- Task input
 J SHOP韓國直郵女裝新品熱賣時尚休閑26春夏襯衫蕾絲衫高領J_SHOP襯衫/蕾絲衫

...

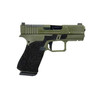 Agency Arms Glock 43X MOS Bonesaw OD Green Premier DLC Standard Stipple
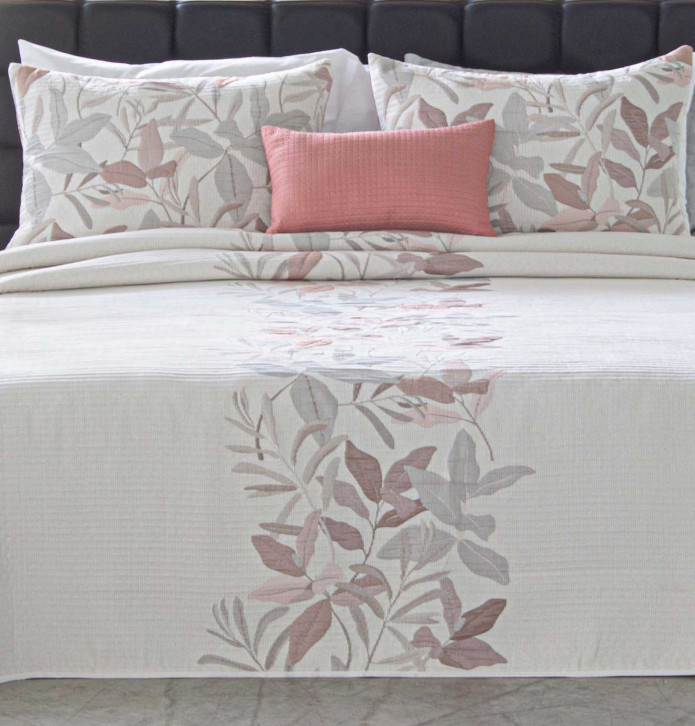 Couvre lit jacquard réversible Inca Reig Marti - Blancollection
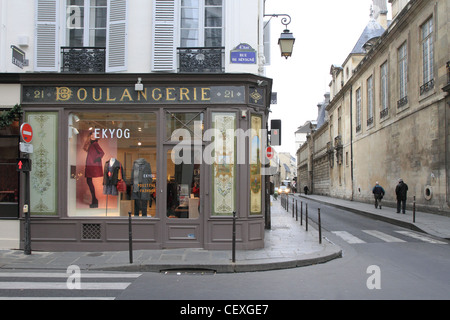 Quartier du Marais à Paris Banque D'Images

- What the task requires
Reproduce the listing above only between the lines holding "Couvre lit jacquard" and "Quartier du Marais à Paris Banque D'Images", inclusive. Every line must match exactly, and pictures are dropped.

- Task solution
 Couvre lit jacquard réversible Inca Reig Marti - Blancollection
 Quartier du Marais à Paris Banque D'Images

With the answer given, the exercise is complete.